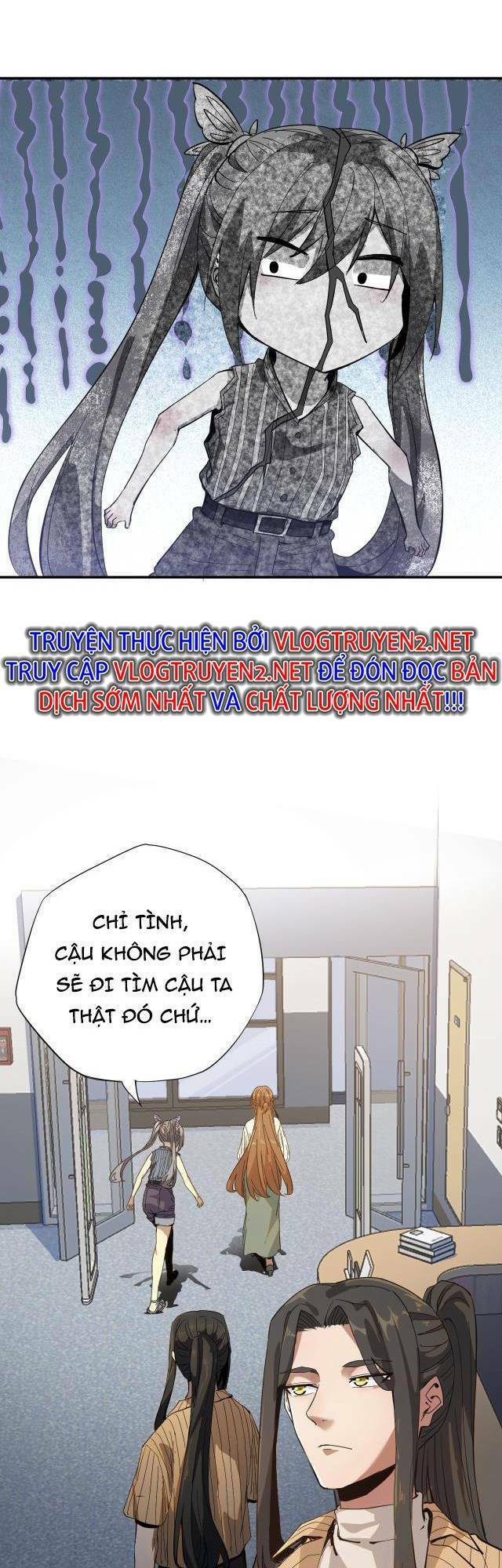 Ta Bị Địa Cầu Bắt Cóc Rồi Chapter 4 - 24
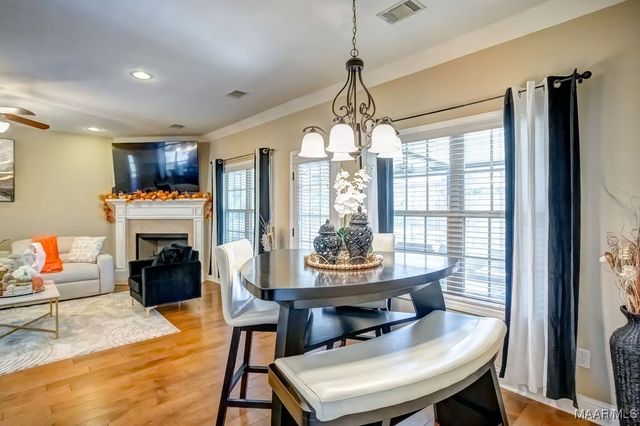 119 SERENE Lane, Wetumpka, AL 36093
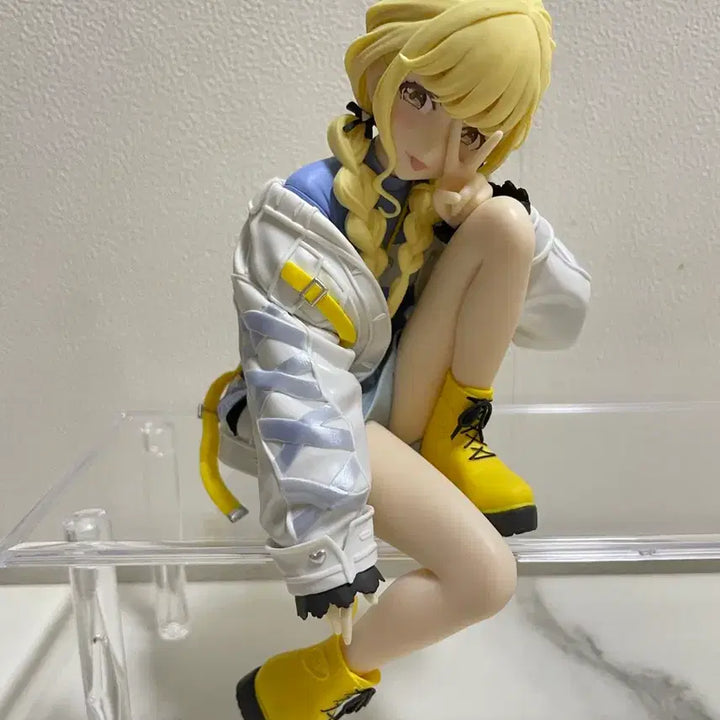 [BUNJANG] Unsealed Figure Bundle / (개봉) 미소녀 피규어 일괄 판매 합니다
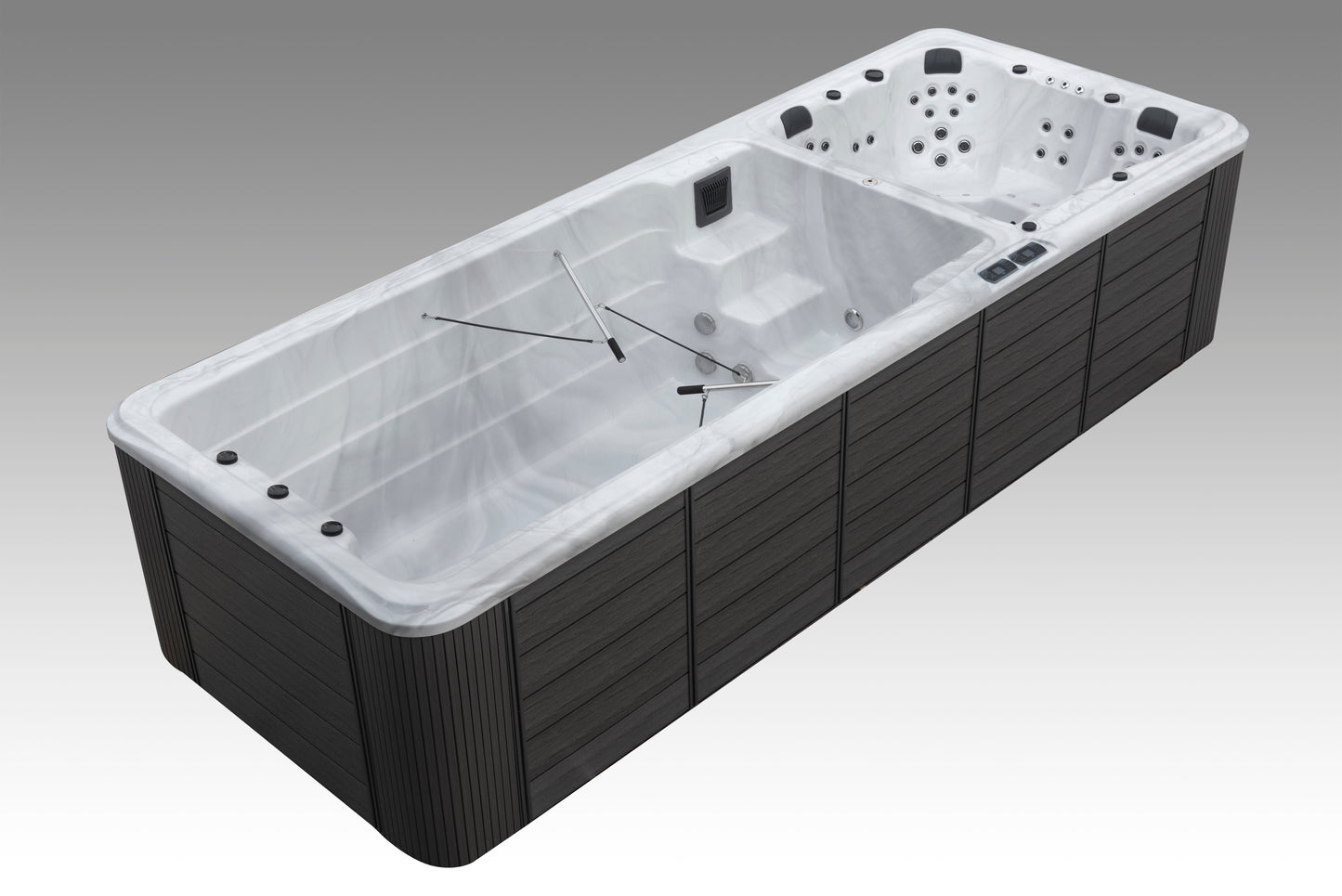 Swim Spa SW590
· · · · · · ·
Repeat the listing above verbatim, but exclude the pictures it contains.

 Ta Bị Địa Cầu Bắt Cóc Rồi Chapter 4 - 24
 119 SERENE Lane, Wetumpka, AL 36093
 [BUNJANG] Unsealed Figure Bundle / (개봉) 미소녀 피규어 일괄 판매 합니다
 Swim Spa SW590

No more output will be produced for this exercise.